Available records:
=== Section Start ===

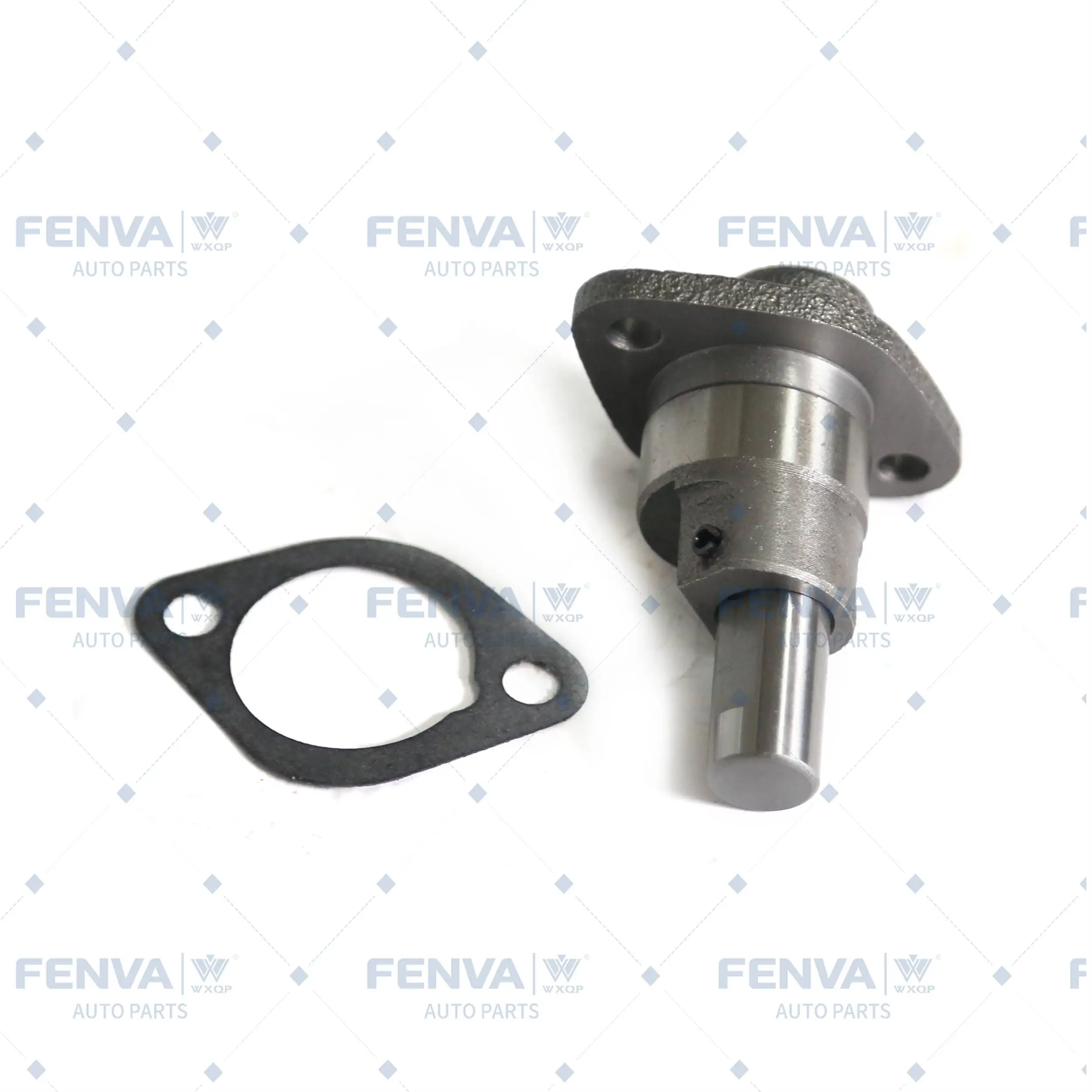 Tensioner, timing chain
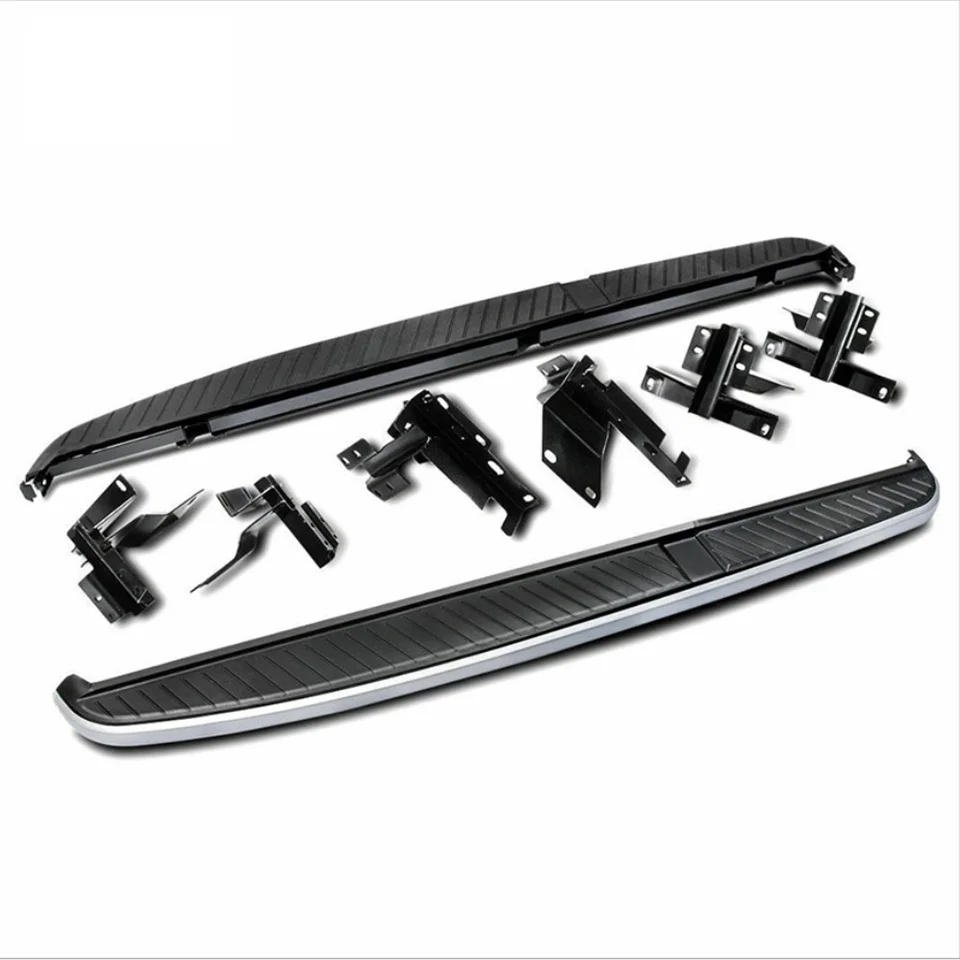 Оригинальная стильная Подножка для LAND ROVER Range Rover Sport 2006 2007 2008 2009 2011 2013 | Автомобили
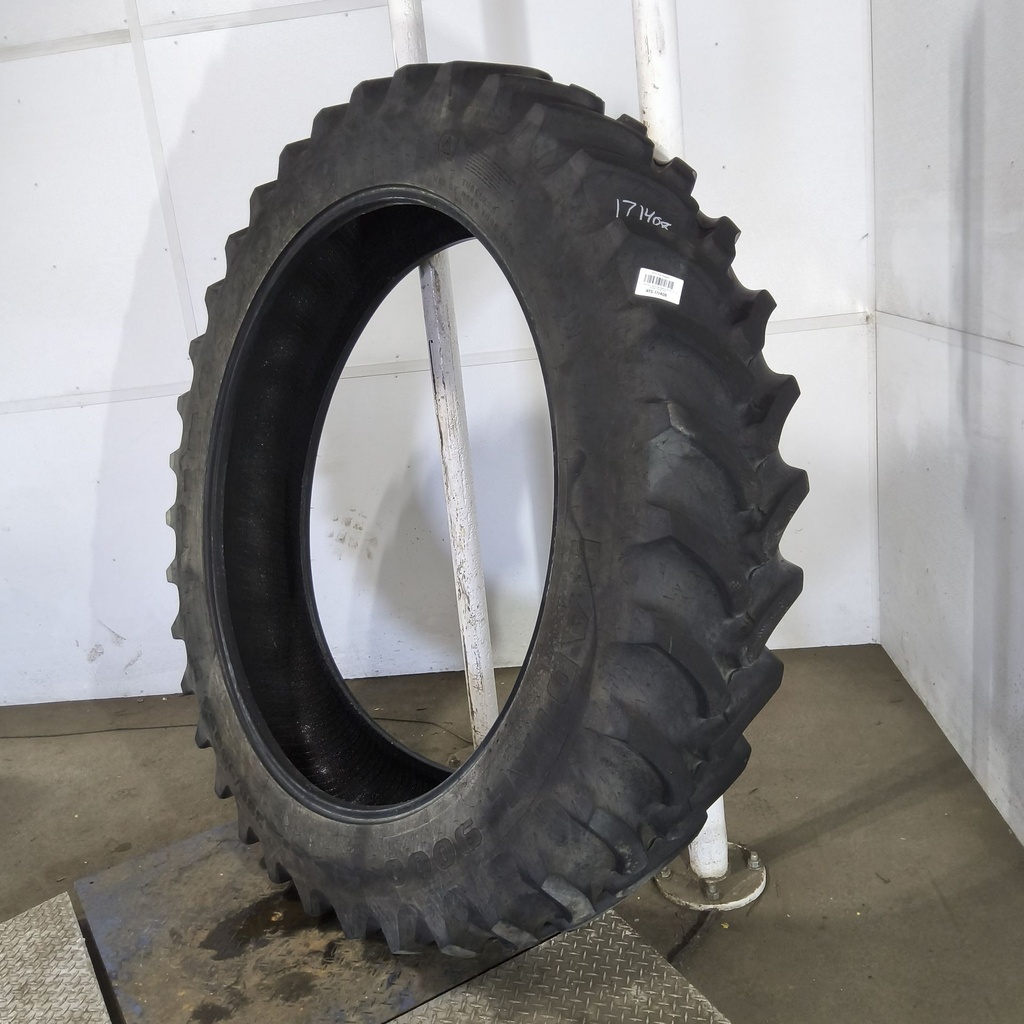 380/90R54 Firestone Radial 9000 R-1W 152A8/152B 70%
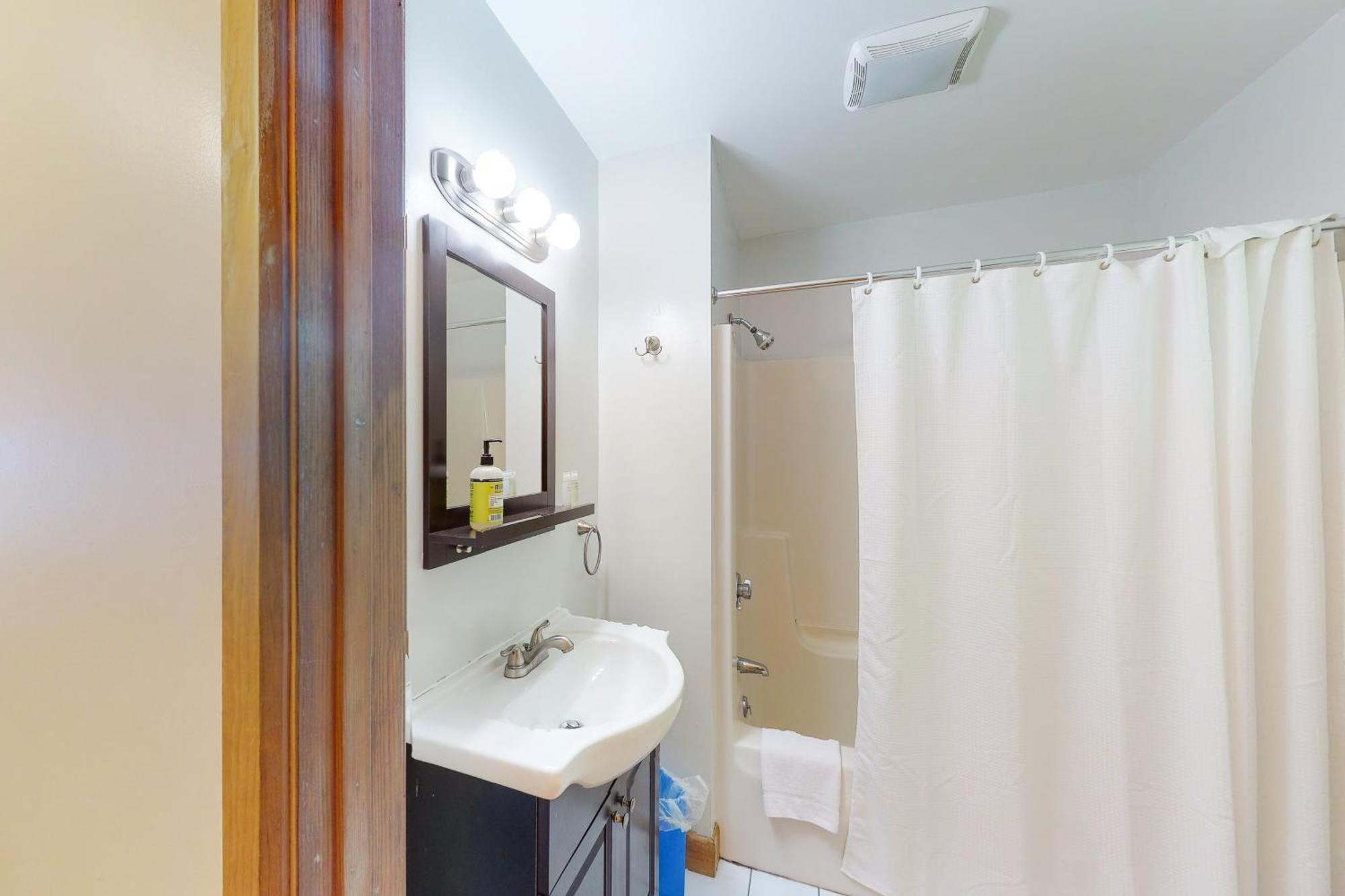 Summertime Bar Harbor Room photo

=== Section End ===
=== Section Start ===

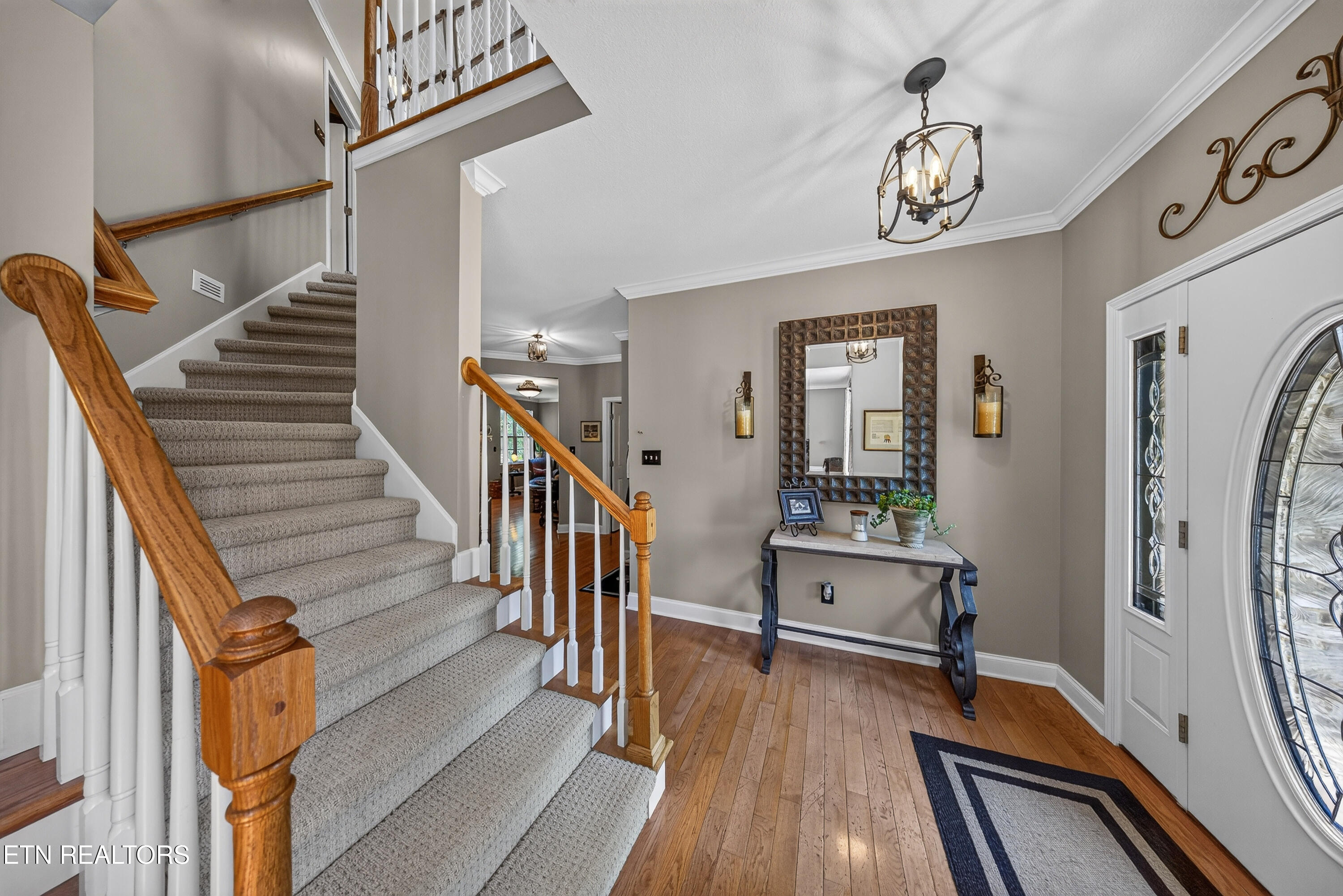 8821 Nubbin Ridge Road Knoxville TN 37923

=== Section End ===

What you write must match the listing exactly, from the line with "Оригинальная стильная Подножка" up to and including the line with "Summertime Bar Harbor Room photo". Pictures stay out.

 Оригинальная стильная Подножка для LAND ROVER Range Rover Sport 2006 2007 2008 2009 2011 2013 | Автомобили
 380/90R54 Firestone Radial 9000 R-1W 152A8/152B 70%
 Summertime Bar Harbor Room photo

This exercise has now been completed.